| Work to be completed |
Report back every line below that carries the word "Detail".

| Brief descriptive captions |
•••••

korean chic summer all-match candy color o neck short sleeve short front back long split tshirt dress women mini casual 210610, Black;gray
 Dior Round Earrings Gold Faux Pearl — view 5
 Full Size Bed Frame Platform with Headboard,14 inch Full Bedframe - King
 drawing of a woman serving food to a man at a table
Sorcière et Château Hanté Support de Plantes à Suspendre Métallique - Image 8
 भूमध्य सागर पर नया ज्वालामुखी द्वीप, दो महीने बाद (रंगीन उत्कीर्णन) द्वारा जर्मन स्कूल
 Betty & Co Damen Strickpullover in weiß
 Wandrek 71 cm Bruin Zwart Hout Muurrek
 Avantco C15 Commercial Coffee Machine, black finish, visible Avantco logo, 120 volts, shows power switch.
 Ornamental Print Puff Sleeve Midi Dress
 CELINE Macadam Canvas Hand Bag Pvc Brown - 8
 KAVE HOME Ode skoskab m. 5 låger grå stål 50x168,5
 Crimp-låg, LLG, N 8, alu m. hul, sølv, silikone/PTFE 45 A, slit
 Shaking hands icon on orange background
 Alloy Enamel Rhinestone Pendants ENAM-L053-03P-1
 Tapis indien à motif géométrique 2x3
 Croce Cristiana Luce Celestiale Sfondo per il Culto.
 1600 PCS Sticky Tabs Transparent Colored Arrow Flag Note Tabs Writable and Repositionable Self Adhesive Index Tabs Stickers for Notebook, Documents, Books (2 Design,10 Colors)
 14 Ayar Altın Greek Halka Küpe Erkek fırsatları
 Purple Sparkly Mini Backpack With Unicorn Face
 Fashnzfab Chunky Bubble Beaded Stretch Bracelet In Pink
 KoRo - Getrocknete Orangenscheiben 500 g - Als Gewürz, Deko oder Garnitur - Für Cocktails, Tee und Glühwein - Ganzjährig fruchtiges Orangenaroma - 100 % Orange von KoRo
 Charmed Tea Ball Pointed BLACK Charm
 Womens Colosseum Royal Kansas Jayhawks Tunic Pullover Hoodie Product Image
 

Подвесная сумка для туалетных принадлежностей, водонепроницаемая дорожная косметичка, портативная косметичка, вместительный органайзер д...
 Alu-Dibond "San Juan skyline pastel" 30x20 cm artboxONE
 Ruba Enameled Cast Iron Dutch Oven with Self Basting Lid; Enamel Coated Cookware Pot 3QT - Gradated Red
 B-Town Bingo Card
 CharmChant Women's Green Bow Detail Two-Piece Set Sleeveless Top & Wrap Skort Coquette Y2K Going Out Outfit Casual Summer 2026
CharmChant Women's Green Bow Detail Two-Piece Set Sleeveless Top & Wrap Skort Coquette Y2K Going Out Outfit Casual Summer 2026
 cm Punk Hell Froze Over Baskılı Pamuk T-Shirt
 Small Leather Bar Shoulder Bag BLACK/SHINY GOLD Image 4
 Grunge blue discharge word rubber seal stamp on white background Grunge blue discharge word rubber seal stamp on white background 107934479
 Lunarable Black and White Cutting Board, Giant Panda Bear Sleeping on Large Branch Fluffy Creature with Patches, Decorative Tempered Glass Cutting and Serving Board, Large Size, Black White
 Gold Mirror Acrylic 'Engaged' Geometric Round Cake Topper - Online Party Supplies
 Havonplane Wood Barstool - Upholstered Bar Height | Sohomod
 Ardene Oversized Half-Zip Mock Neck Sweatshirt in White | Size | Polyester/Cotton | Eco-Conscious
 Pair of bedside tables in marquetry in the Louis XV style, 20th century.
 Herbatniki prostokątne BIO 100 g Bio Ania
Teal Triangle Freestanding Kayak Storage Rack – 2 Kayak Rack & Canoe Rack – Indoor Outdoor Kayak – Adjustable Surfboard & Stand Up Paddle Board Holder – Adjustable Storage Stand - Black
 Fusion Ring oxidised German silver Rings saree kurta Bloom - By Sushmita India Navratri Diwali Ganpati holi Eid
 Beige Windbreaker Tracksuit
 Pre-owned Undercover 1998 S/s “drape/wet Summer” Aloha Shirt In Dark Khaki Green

•••••

| Worked solution |
 CharmChant Women's Green Bow Detail Two-Piece Set Sleeveless Top & Wrap Skort Coquette Y2K Going Out Outfit Casual Summer 2026
CharmChant Women's Green Bow Detail Two-Piece Set Sleeveless Top & Wrap Skort Coquette Y2K Going Out Outfit Casual Summer 2026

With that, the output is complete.